Jeremy didn’t return that night, so the next morning we went to the police. We asked around about those cults, who were known for taking in runaways and others ripe for the picking. They’d sequester them away and brainwash them until they’d renounced their former lives, donated their worldly possessions, and pledged allegiance to the cult. We didn’t wait for the police, we went out and searched on our own for four fevered days among the destroyed buildings and roads of a city recovering from an earthquake. We got Jeremy’s picture on the news and on flyers and with the help of several local Christian churches, we learned where the city’s more radical cults were housed. One of them was out in the San Fernando Valley, close to the epicentre of the earthquake, and driving out there was bleak. Surrounded by fractured highway overpasses and felled buildings, all of us felt desperate that we’d never find Jeremy. When we got to the door of the house, they wouldn’t even open it, nor answer our questions. The expressions of the pale, thin faces peering out through the windows were chilling.
After four days, we received an anonymous tip at the hotel. We’d find Jeremy if we went to the Children of God’s warehouse in downtown LA. He was staying there under an assumed name. I was so spooked by then that I didn’t go, but our manager Clifford Davis did. He conned his way inside by claiming that Jeremy’s wife was seriously ill and he found a very different Jeremy. His long hair had been shorn to his skull, he was wearing dirty clothes and he would only answer to the name Jonathan.
As we guessed, he’d been approached by the brethren on the street and been taken with them. He’d seen the earthquake as a portent of the end of the world and had decided then and there that he had to pursue salvation. He didn’t care about the band, the tour, not even his family back home.
‘Jeremy, don’t you—’ our manager said.
‘My name is Jonathan.’
‘Jonathan, don’t you want to see your wife and child? What will become of them if you don’t go home?’
‘Jesus will take care of them,’ Jeremy said.
He’d been completely brainwashed; he was like a child, starstruck. Jeremy Spencer was gone.
We had six weeks of the tour left; the revenue we’d lose cancelling those dates would cost us our house, Benifold, and probably the band. We were at a loss as to what to do, we really were. Out of desperation we reached out to Peter Green and asked him to fill in. We had little faith that he’d do it; his album had flopped and we’d heard from mutual friends that he’d given away all of his guitars. When our manager got in touch with him he learned that Peter had taken a job doing manual labour on a farm. I’m not sure what Clifford said to him, but he convinced Peter to play with us for the six weeks, though he insisted repeatedly that he had no interest in playing music anymore. He said he’d do the tour in honour of the friendship he’d shared with us for all those years.

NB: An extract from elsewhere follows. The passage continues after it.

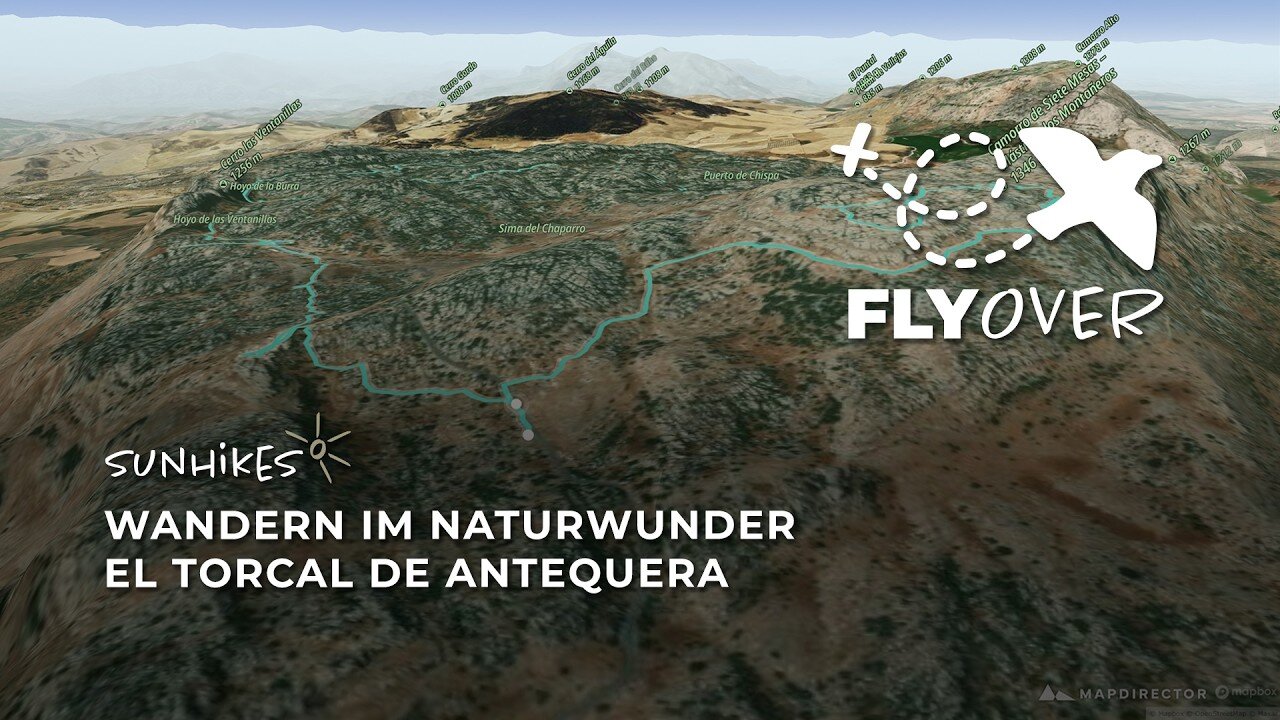Labyrinth aus Stein: 3D-Flyover der großen Runde im El Torcal de Antequera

Whatever the reason, Clifford got Peter a flight to California, while Jeremy flew to Texas, where he was joined by his wife Fiona and their son to live with the Children of God, while their youngest child remained behind to be raised by Fiona’s mother. Jeremy became a major recruiter for the sect and the two of them spent the rest of the year visiting branches all over the country.

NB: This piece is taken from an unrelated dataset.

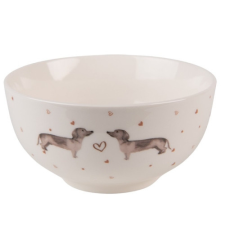 Porcelántálka 500ml, 14x7cm,Dachshund Love konyhai eszköz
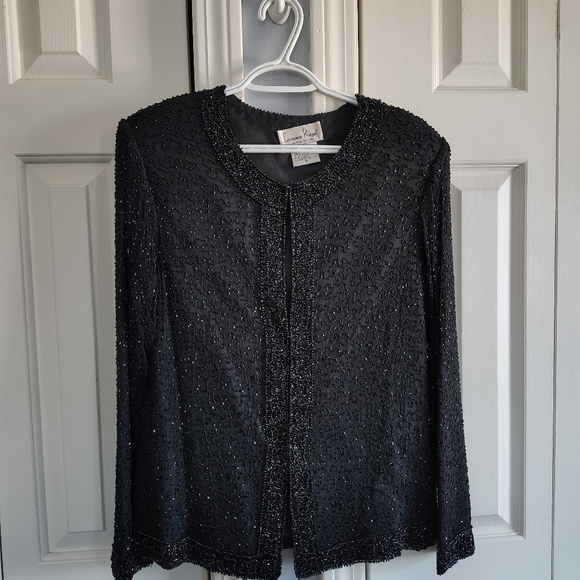 Laurence Kazar Black Beaded Cocktail Jacket VIntage Silk M - Picture 2 of 14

Peter showed up looking the worse for wear, but his playing was great, though he had a few demands that we had to honour. He agreed to play ‘Black Magic Woman’, at whatever point in the set he felt inspired to do so, after which we would do ninety minutes of free-form jamming. This made for an interesting six weeks because not once did we take the stage knowing what the set was going to be.
Stranger still, that six-week tour ended up being the most lucrative American run we’d ever had. Peter never once engaged with the audience, he’d come to the mike occasionally to murmur something or just laugh. He took none of it seriously, yet at times his playing was so beautiful that it raised gooseflesh on my arms. Those moments made it all the sadder; this was the long goodbye.
At the end of the tour, Peter went back to his life on the farm and we retreated to Benifold. We were exhausted and at our wits’ end, which made Jenny all the more self-conscious about the presence of a crying baby, knowing the state of everyone’s nerves. We’d been through a lot, but to be fair, she’d been on her own raising a baby. Once Jeremy’s wife and child had departed, she was quite literally all by herself. She began to resent the band for taking me away from her and I began to feel it, although I dismissed it, blaming it on the stress of caring for the baby. Neither of us ever talked about how we felt, so things between us would work themselves out slowly, non-verbally. After a tour it would take a few weeks for us to feel connected again and to resume our normal life together. But as soon as we’d re-connected, it was usually time for the band to set out on another tour.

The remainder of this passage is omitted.